The group painted a half-mile long orange stripe along the east Sheridan sidewalk in order to promote their group’s neutral political stance. The Chalker has been decorating campus with his washable art since Fall Quarter.

According to the Guide to Student Organizations Handbook, taping and chalking “is allowed only on campus sidewalks that are exposed to the elements” and are forbidden on walls, doors, windows, trees and lampposts. Additionally, an Evanston city ordinance deems it unlawful for people to place signs on any sidewalk along Sheridan.

Although Sincerely, America’s paint was water-soluble, the organization should have followed the typical methods of advertisement: post flyers all over campus or paint the Rock. If they wanted more advertisement, they could create a large banner to hang up by the Arch.

Aside from violating school policy, the organization’s actions also raised an issue in terms of creating an even playing field in campus advertising.

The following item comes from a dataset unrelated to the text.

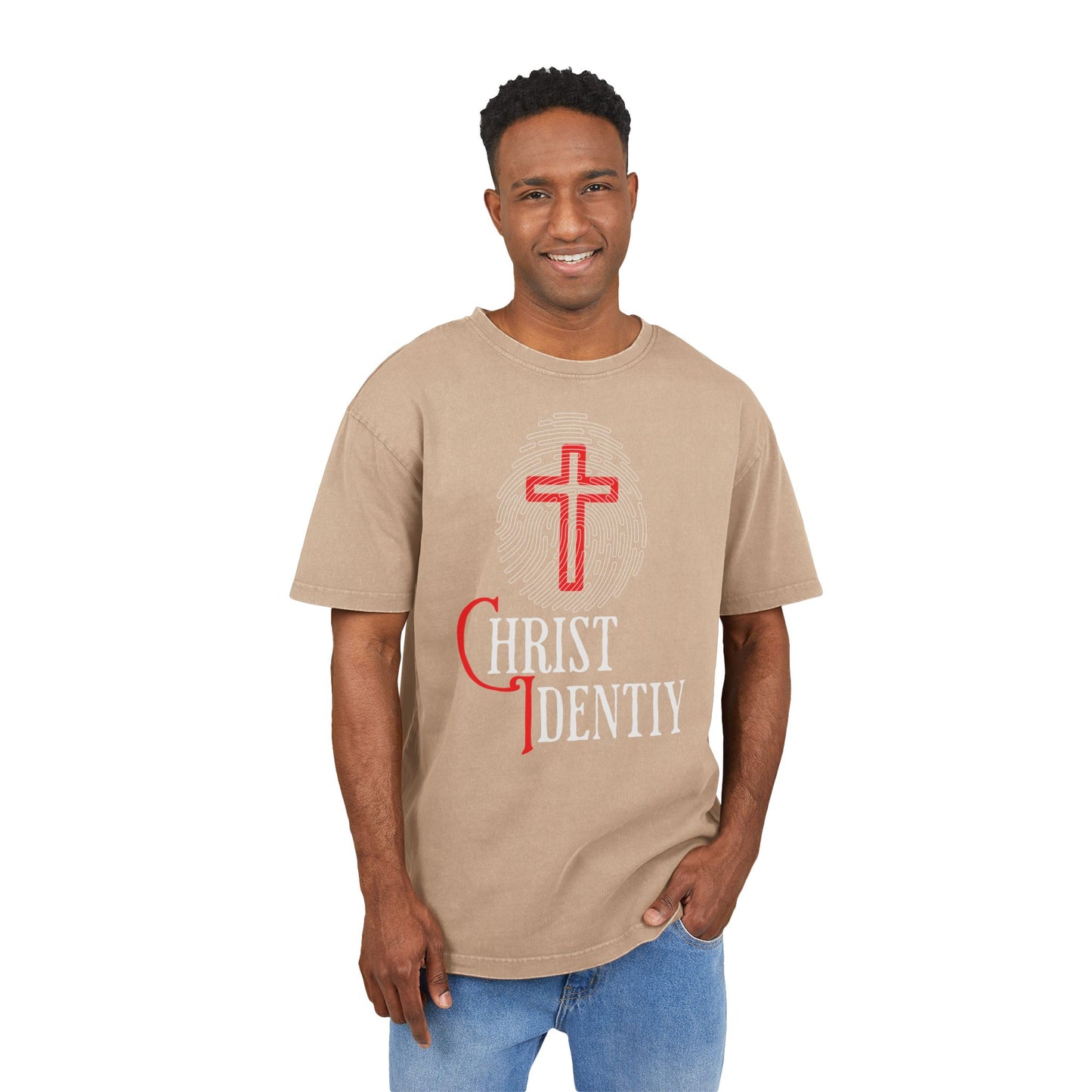 'Christ Identity' Washed Oversized Tee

If one organization paints all over Sheridan Road, other groups could easily employ the same strategy, making the sidewalk a chaos of painted advertisements.

At a time when marketing campaigns are effective via social networking websites, such as Facebook and Twitter, groups should not risk defacing University property and creating an eyesore for the sake of promoting their organization.

The citation Sincerely, America received was justified and necessary. Such acts of property defacement, if left unchecked, will set a bad precedent for other students and student organizations to follow in the future. An unpunished misdemeanor encourages repetition of the same offense, which may in turn breed further instances of vandalism on campus.

The Campus Chalker’s case is more nuanced. Rather than advertising in a way that would give him an unfair advantage over other student groups, he was attempting to improve Northwestern’s aesthetic environment. Nevertheless, he also broke the law and must be prepared to accept the consequences.

In light of the recent defacement citations, The Daily urges students who wish to spread their viewpoints to educate themselves about University and city policies. If they choose to break them anyway, they must understand what lies ahead.